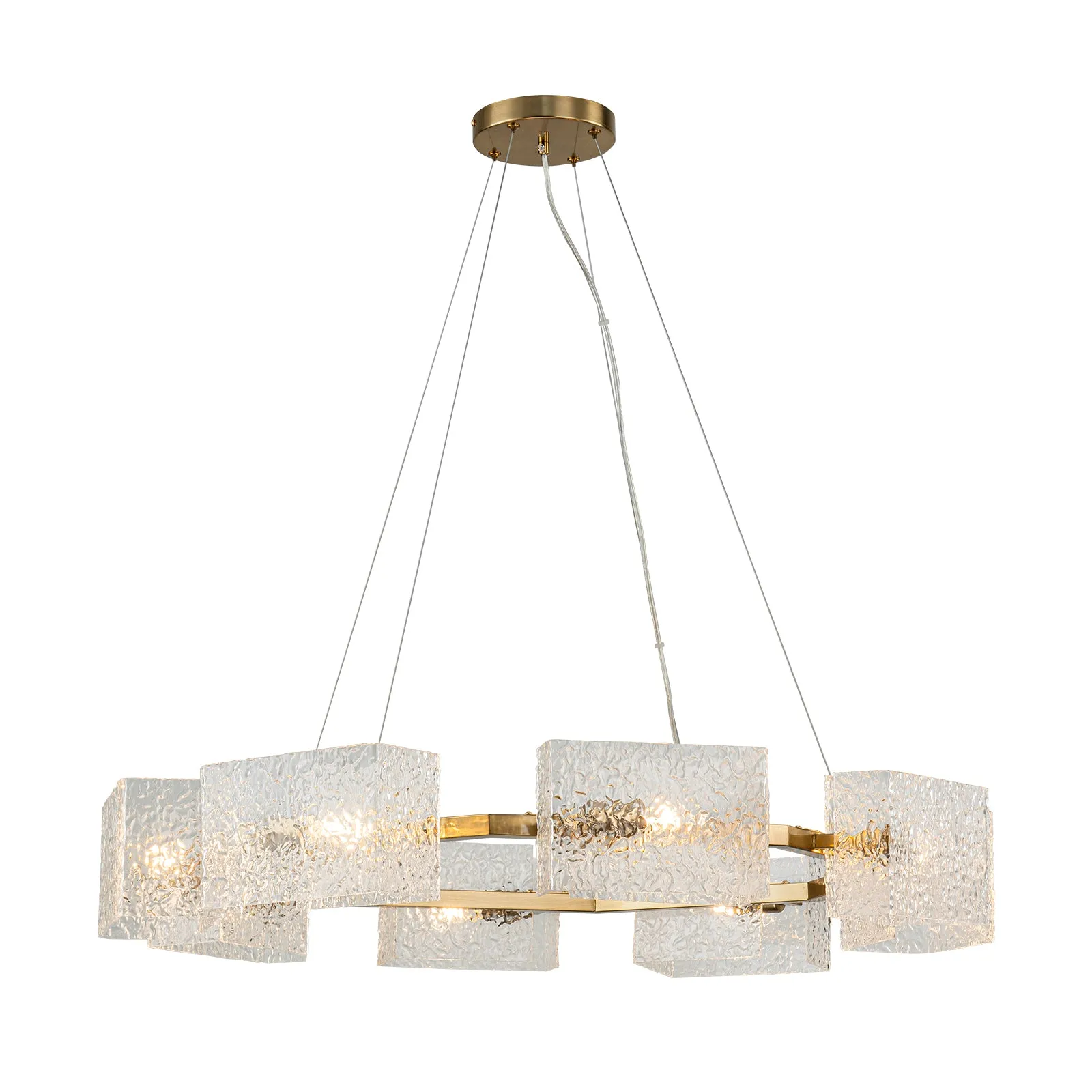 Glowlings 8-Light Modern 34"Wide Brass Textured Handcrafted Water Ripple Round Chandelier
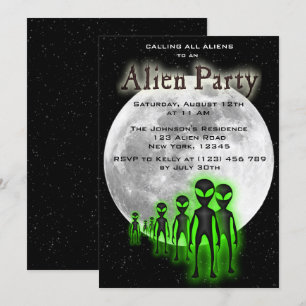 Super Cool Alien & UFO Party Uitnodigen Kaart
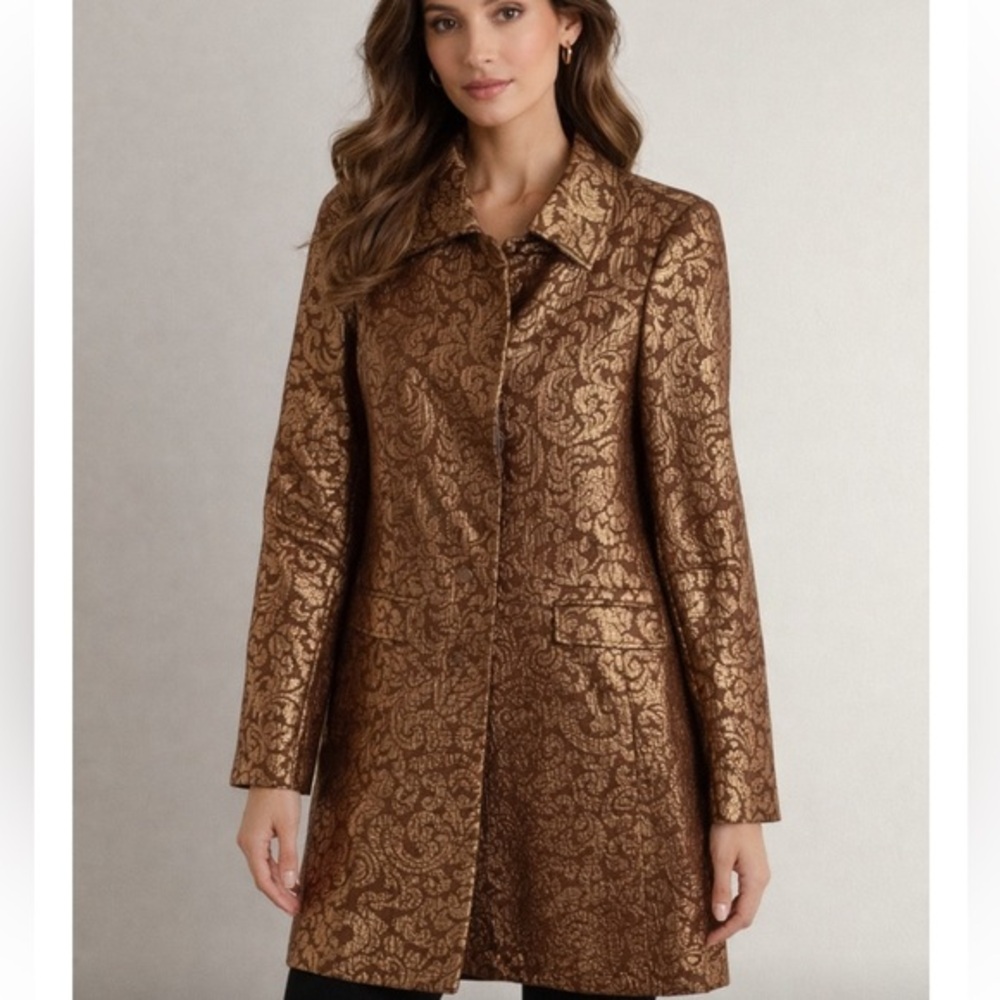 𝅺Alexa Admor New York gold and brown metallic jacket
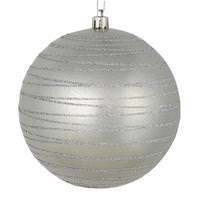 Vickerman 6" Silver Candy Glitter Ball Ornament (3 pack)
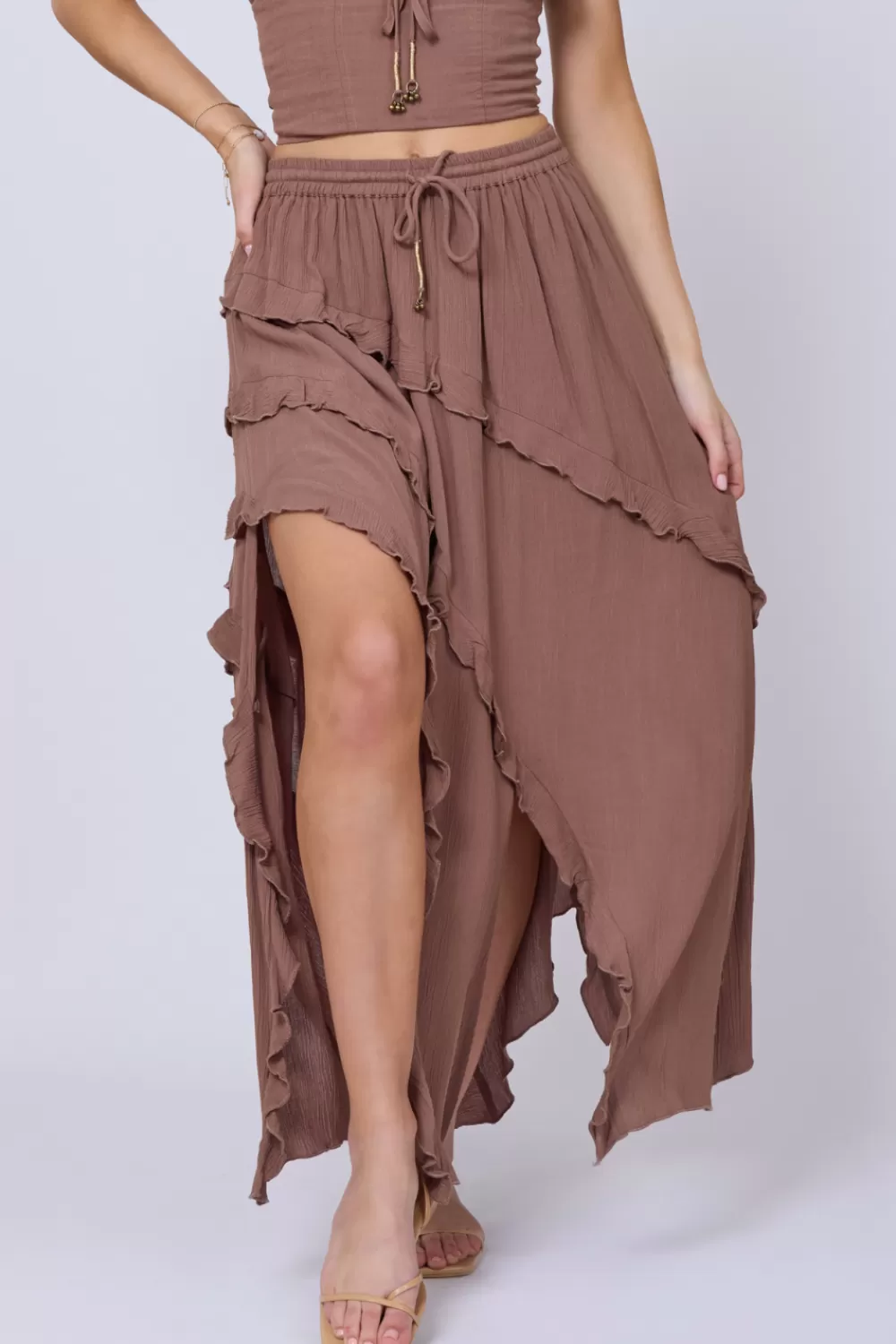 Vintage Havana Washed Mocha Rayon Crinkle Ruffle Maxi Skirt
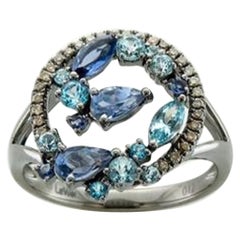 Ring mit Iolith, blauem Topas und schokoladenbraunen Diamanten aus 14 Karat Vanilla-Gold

_ _ _ _ _ _ _

◆ WORK INSTRUCTIONS
Your task is to repeat the data above exactly while excluding the pictures.

◆ TASK RESPONSE
 Glowlings 8-Light Modern 34"Wide Brass Textured Handcrafted Water Ripple Round Chandelier
 Super Cool Alien & UFO Party Uitnodigen Kaart
 𝅺Alexa Admor New York gold and brown metallic jacket
 Vickerman 6" Silver Candy Glitter Ball Ornament (3 pack)
 Vintage Havana Washed Mocha Rayon Crinkle Ruffle Maxi Skirt
 Ring mit Iolith, blauem Topas und schokoladenbraunen Diamanten aus 14 Karat Vanilla-Gold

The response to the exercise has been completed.